Also, in regards to the data management. We archive every chance we get onto tape, I wish it was something better but alas BackupExec for us :(

Raw Data > Archivced after pre-processing
Output of pre-processed data > archived after it is run through 2 specific applications
production data > straight up deleted after project is delivered and paid for and the client's period to request changes expires
deliverable data > archived after project is paid for and the client's period to request changes expired.

onigiri · Jul 30, 2018

In reading another thread, For testing purposes I reduced the block size to 8k and my performance increased 1000% on random block write but halved my sequential. I made this change after reading into what block size my EMC isilon uses(8k) and comparing it to the advice in the other thread to reduce it from 128k to 16k.

Now it remains to be seen about long term production performance as it was just bench marking.

Here is during production:

Here is after hours, as you can see, not much difference:

In comparison, here is the Dell EMC Isilon (all HDD) not Hybrid:

Now I normally see 8k block size on Databases. What long term negative impact will I see by leaving the block size changed?
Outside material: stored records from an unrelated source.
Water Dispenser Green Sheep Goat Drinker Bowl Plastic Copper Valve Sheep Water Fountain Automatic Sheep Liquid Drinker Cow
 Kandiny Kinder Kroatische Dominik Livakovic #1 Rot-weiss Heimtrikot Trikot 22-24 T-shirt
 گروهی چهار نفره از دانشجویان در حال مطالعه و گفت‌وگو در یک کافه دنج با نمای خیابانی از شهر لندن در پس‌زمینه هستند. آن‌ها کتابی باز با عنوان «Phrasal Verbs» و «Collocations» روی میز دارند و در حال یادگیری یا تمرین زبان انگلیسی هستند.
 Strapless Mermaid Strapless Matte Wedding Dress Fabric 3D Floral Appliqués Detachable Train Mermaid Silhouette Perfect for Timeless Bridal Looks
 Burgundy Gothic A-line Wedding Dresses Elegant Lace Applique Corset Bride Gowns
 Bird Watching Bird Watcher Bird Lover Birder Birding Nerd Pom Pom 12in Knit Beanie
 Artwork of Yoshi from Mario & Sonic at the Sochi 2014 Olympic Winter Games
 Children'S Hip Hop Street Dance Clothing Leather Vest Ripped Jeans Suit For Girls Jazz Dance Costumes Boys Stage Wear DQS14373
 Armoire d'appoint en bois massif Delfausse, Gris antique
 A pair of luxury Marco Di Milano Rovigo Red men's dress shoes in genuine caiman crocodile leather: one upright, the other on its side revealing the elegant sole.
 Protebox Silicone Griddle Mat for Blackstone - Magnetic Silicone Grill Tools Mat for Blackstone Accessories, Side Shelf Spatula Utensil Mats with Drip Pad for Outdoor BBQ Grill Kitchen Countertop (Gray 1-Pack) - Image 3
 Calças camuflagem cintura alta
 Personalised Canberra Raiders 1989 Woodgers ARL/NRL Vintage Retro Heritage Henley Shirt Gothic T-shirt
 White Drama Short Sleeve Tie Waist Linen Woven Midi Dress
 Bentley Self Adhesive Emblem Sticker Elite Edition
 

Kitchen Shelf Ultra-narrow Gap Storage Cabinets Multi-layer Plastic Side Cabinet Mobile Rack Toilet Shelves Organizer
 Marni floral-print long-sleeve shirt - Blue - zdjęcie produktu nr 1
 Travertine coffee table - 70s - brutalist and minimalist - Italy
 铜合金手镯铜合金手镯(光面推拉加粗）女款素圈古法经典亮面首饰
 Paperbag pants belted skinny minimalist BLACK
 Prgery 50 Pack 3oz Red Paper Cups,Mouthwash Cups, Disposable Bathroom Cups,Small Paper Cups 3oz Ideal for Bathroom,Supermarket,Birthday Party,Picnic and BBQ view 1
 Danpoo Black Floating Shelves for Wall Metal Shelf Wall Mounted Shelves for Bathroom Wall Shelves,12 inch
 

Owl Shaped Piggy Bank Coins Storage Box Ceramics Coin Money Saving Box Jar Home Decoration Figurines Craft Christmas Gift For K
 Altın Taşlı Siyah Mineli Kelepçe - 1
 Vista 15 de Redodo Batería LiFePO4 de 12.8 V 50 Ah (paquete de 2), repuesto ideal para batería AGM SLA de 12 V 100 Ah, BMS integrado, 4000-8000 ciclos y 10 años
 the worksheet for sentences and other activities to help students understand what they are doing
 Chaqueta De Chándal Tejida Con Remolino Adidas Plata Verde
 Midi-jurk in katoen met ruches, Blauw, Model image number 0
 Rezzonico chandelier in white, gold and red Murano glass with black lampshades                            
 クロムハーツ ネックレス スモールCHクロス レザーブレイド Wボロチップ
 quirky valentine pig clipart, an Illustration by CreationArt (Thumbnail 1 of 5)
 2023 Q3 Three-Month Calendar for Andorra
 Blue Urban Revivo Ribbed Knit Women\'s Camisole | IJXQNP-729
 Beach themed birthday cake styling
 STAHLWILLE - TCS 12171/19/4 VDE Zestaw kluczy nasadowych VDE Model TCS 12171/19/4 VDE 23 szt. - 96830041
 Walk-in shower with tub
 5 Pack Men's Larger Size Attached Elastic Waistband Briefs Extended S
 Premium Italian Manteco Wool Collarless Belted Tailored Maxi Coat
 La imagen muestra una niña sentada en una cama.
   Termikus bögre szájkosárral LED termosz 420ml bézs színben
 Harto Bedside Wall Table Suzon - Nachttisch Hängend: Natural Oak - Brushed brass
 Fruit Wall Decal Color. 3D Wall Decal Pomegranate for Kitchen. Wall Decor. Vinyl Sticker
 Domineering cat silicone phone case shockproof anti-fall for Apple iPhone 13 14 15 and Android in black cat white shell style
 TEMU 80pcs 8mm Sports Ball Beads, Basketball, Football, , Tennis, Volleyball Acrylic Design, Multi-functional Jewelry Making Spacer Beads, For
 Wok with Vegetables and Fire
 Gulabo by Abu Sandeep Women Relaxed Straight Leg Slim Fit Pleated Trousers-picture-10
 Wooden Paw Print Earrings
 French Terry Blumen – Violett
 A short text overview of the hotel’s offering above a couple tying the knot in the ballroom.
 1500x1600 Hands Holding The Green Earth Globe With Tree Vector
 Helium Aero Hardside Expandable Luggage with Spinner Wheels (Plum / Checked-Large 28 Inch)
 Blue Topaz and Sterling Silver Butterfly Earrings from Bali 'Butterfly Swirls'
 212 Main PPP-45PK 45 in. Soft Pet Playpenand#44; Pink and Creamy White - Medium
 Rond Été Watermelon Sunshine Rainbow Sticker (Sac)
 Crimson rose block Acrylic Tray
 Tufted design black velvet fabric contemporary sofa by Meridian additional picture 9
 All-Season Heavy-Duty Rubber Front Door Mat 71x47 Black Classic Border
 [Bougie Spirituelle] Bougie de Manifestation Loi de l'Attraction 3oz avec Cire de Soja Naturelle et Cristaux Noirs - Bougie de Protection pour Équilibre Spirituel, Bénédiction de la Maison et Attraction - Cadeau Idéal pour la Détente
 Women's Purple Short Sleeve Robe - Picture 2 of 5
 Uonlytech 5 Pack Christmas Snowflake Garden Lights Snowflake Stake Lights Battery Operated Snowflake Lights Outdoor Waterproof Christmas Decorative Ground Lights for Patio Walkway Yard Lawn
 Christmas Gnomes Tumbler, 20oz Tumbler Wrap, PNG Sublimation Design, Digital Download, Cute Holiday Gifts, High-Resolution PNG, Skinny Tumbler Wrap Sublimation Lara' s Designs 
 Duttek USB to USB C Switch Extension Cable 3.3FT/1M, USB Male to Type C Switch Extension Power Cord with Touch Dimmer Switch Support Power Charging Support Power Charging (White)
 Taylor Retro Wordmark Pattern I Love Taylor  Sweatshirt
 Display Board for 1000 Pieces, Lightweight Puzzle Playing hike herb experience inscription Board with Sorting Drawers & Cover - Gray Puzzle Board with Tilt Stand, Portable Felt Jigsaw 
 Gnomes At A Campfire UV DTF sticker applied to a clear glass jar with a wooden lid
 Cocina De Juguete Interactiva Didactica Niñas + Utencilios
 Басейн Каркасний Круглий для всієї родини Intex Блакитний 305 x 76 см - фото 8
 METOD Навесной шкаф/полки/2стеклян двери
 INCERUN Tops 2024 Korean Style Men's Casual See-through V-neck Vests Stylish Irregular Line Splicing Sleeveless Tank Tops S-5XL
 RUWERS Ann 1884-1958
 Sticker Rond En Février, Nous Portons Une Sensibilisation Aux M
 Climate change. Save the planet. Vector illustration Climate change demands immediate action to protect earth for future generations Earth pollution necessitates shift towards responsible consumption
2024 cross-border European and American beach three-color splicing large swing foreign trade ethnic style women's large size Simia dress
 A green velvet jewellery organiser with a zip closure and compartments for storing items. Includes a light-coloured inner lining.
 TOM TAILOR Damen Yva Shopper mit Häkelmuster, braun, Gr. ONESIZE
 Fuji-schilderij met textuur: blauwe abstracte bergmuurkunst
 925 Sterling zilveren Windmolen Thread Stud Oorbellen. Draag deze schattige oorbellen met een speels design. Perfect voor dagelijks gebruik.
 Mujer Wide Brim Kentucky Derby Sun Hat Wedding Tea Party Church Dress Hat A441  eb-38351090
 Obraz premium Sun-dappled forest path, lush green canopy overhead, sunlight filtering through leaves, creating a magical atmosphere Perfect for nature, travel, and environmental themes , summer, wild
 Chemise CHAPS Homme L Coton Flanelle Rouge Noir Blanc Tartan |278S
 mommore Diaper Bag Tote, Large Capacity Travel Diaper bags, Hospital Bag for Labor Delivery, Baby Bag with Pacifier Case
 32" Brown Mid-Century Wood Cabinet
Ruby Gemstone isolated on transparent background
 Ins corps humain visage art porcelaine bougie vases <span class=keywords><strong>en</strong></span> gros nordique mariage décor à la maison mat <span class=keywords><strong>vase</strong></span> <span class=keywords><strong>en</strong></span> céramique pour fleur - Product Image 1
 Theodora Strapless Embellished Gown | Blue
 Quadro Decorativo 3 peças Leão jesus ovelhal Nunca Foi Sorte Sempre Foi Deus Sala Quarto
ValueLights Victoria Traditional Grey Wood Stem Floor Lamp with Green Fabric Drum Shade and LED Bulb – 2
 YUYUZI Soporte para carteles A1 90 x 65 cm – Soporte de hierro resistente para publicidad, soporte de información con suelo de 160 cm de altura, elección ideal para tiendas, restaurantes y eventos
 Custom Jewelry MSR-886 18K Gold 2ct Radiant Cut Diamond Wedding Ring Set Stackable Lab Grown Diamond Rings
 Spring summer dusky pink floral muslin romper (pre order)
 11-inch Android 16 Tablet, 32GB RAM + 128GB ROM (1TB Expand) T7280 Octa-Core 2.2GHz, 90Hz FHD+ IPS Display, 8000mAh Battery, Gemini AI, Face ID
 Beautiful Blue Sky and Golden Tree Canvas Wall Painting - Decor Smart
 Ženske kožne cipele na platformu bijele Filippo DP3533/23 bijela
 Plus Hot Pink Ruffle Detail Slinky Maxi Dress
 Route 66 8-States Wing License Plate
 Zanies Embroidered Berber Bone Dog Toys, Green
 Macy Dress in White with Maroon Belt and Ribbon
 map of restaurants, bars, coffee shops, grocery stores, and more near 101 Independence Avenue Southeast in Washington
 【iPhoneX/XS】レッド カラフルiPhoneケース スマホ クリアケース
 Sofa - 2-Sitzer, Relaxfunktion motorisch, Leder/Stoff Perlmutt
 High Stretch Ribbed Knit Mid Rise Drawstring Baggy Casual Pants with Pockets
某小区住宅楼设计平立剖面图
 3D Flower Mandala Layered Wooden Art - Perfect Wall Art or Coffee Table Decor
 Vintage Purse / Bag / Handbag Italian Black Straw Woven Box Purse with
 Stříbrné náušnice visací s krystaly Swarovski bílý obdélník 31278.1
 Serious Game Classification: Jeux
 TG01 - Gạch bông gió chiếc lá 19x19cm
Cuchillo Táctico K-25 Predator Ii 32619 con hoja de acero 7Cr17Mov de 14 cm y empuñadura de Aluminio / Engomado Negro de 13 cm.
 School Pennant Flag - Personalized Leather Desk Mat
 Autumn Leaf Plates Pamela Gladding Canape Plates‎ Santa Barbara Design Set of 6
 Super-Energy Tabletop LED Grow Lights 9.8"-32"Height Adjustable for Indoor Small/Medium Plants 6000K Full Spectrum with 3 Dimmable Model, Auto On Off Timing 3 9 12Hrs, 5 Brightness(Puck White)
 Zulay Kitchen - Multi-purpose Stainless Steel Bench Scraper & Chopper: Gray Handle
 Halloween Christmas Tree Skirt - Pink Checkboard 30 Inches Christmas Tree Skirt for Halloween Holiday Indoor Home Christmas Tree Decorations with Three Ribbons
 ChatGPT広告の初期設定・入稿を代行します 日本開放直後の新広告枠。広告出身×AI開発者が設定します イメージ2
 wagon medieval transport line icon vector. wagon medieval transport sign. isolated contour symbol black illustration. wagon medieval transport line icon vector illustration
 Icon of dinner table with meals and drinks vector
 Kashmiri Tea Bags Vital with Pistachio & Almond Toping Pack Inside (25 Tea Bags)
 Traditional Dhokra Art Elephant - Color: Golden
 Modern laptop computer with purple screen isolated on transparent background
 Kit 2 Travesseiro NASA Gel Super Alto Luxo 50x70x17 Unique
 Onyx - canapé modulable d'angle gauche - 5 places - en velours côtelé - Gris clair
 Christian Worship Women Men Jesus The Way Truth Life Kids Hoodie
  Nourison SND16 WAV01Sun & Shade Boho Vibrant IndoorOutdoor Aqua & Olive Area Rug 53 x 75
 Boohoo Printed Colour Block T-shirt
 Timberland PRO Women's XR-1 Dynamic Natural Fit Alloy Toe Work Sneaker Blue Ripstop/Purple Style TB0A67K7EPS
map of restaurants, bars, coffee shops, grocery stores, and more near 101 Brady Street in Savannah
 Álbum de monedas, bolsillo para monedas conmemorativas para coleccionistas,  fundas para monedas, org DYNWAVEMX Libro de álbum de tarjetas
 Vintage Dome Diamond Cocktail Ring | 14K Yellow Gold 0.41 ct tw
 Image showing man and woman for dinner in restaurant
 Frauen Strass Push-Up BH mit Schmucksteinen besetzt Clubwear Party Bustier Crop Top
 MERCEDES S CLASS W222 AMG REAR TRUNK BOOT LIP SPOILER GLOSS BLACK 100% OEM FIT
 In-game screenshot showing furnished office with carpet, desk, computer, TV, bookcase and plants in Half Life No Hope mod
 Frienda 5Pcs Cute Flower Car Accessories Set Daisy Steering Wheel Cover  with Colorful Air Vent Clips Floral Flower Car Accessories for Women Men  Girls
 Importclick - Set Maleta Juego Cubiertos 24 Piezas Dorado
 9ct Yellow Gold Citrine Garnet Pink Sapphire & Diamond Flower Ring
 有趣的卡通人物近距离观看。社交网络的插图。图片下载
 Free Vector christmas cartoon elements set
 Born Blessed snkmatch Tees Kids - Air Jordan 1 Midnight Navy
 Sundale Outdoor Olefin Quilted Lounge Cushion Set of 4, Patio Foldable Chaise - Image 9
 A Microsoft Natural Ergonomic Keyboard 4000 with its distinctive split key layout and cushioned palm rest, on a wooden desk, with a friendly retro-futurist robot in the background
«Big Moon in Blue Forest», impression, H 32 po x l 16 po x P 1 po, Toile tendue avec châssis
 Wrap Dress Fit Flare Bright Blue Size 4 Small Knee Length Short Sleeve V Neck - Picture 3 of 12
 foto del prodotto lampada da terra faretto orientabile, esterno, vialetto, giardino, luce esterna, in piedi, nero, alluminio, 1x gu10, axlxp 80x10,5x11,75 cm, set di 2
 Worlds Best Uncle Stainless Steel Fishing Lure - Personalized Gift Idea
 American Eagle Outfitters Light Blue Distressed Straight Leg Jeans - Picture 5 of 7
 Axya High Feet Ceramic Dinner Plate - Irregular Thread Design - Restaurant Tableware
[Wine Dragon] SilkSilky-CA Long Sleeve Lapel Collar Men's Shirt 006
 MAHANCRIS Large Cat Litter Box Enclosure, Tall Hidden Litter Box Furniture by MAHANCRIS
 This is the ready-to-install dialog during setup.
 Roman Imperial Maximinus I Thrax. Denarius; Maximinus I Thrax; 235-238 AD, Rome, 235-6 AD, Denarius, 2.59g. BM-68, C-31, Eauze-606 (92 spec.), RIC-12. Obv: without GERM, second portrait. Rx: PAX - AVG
Chris Moore · Jul 30, 2018

onigiri said:
Now I normally see 8k block size on Databases. What long term negative impact will I see by leaving the block size changed?

This actually makes a bit of sense. The "File Geo Database" in ArcGIS is a database that is made of individual files and so many of them are small files. The 8k blocks are probably more applicable for the way the type of data.

HoneyBadger · Jul 30, 2018

Smashing results. I admit I'm not familiar with ArcGIS but if it's generated a single large file when you imported the data, the default recordsize of 128K would mean that a small write (8K) inside that file would necessitate a partial record rewrite, which sucks performance-wise. If it always writes in a fixed size to that "database file" then definitely match your recordsize to equal it.

More importantly, is the benchmark performance being borne out by real-world results as well? You might not see much of an improvement if it still has to chew through the 128K records that already exist. Doing a send/recv or even manually cp/mv'ing the data would rewrite it with the smaller blocks though.

As far as what the long term implications would be - more blocks means more metadata for ZFS to keep track of, and that means more space used by things that aren't your actual data. It also hurts the larger sequential transfers, as you saw from your benchmarking, but likely the additional small-block performance is much more valuable here.

A bit of searching on the ArcGIS software didn't say much other than that the storage should be "optimized for random small I/O" - a recordsize would be really neat to have, if it uses a fixed one.

Chris Moore · Jul 30, 2018

HoneyBadger said:
A bit of searching on the ArcGIS software didn't say much other than that the storage should be "optimized for random small I/O" - a recordsize would be really neat to have, if it uses a fixed one.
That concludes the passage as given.